In a now annual tradition at the Contra Costa Fire Department in Clayton, 343 flags represent each firefighter killed in the Sept. 11 terrorist attacks. At first it was just flags -- now it includes photos and biographies.
"It's definitely an emotional task to take care of," Captain Ben Smith said. "We look at each of the guys and I start to recognize them year after year. They're guys just like the rest of us that work here, they are dads, soccer coaches, husbands, sons."
In San Jose, people paid tribute in a different way. Volunteers are part in a national day of service and remembrance in honor of the victims of Sept. 11.
A group organized by Sacred Heart Community Service built gardens for low income families to grow organic fruit and vegetables.
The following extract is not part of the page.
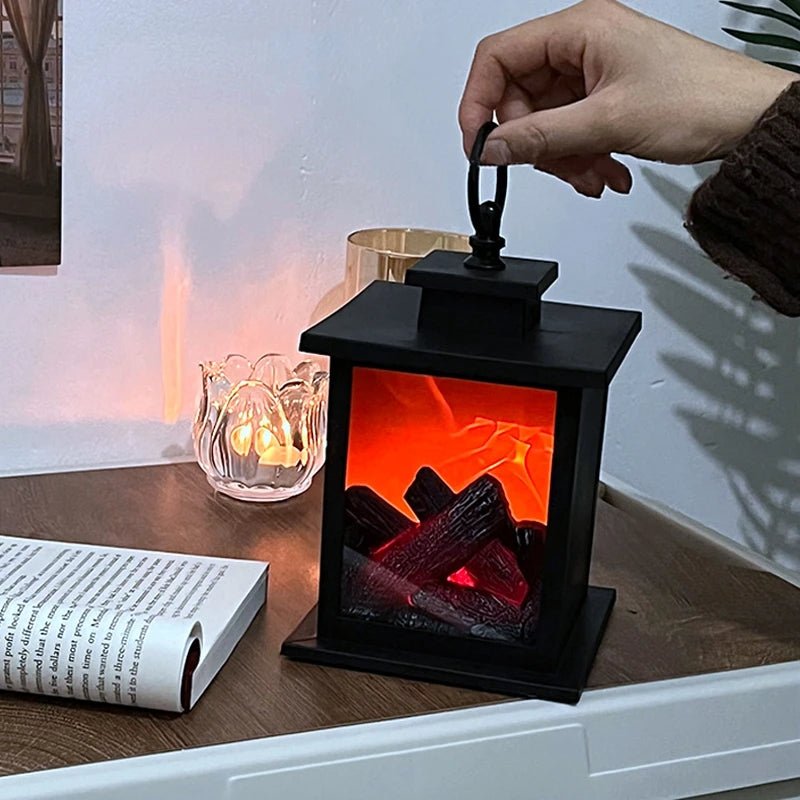 Skanto | Vintage Fireplace Lantern – Realistic Flame Night Light for Holiday Cheer, USB/Battery Powered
The Red Cross in Walnut Creek urged people to give back by giving blood.
Gov. Schwarzenegger added his own plea to all Californians.
"I would like to ask all you to renew this commitment to serve and strengthen your community," he said.
Elsewhere there were more traditional memorials.
In Union City there was a reading of the names of everyone on board Flight 93, which was headed for San Francisco when it crashed into a field in Pennsylvania.
And the Lafayette Flag Brigade held its eighth annual 9-11 remembrance. It is the largest overpass flag display in the state.
"It means a lot to me that there are people here who believe that this country is really worth defending and loving," Caroline Tsuyuki said.